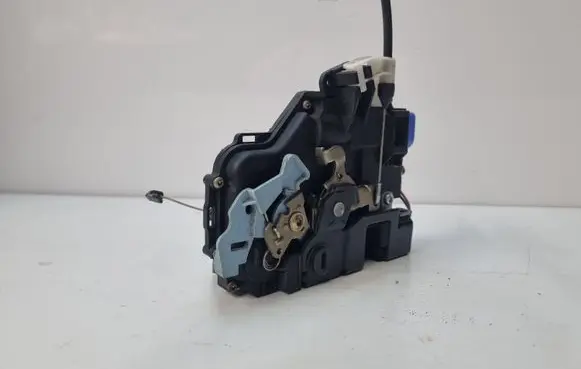 Volkswagen Golf Plus Rear door lock 7L0839015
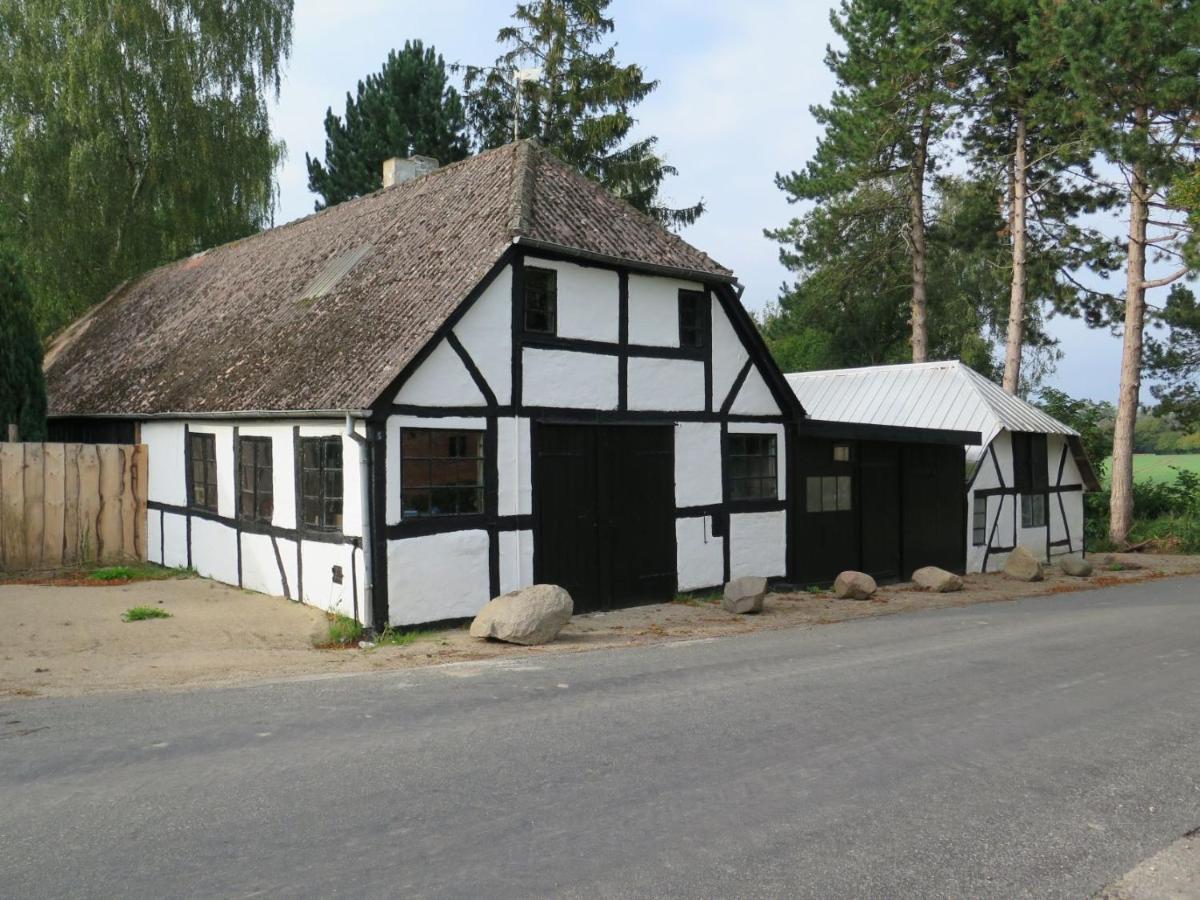 Ferieidyl Kettinge Exterior foto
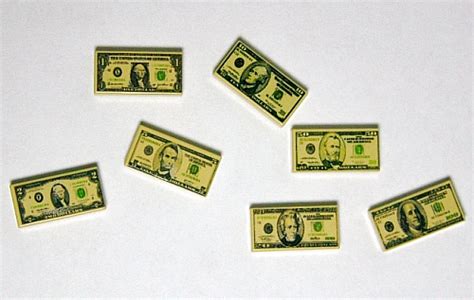 Review of Tobias Reichling’s LEGO Money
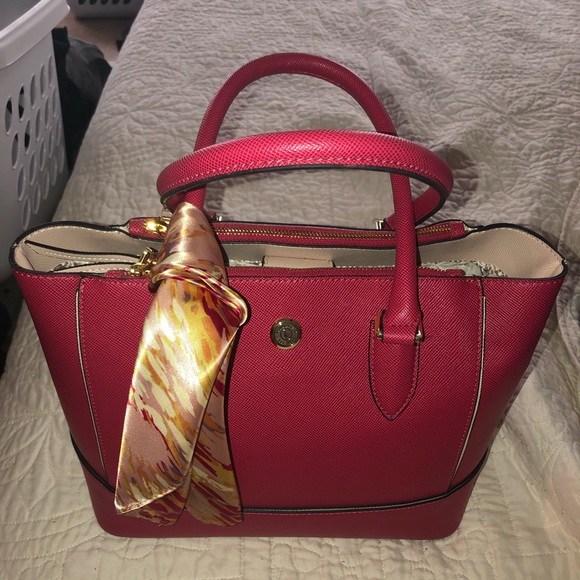 London Fog Handbags - LN London Fog Tote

### WORK REQUEST:
Leave out the pictures. Transcribe the rest of the listing above exactly.

### REPLY:
 Volkswagen Golf Plus Rear door lock 7L0839015
 Ferieidyl Kettinge Exterior foto
 Review of Tobias Reichling’s LEGO Money
 London Fog Handbags - LN London Fog Tote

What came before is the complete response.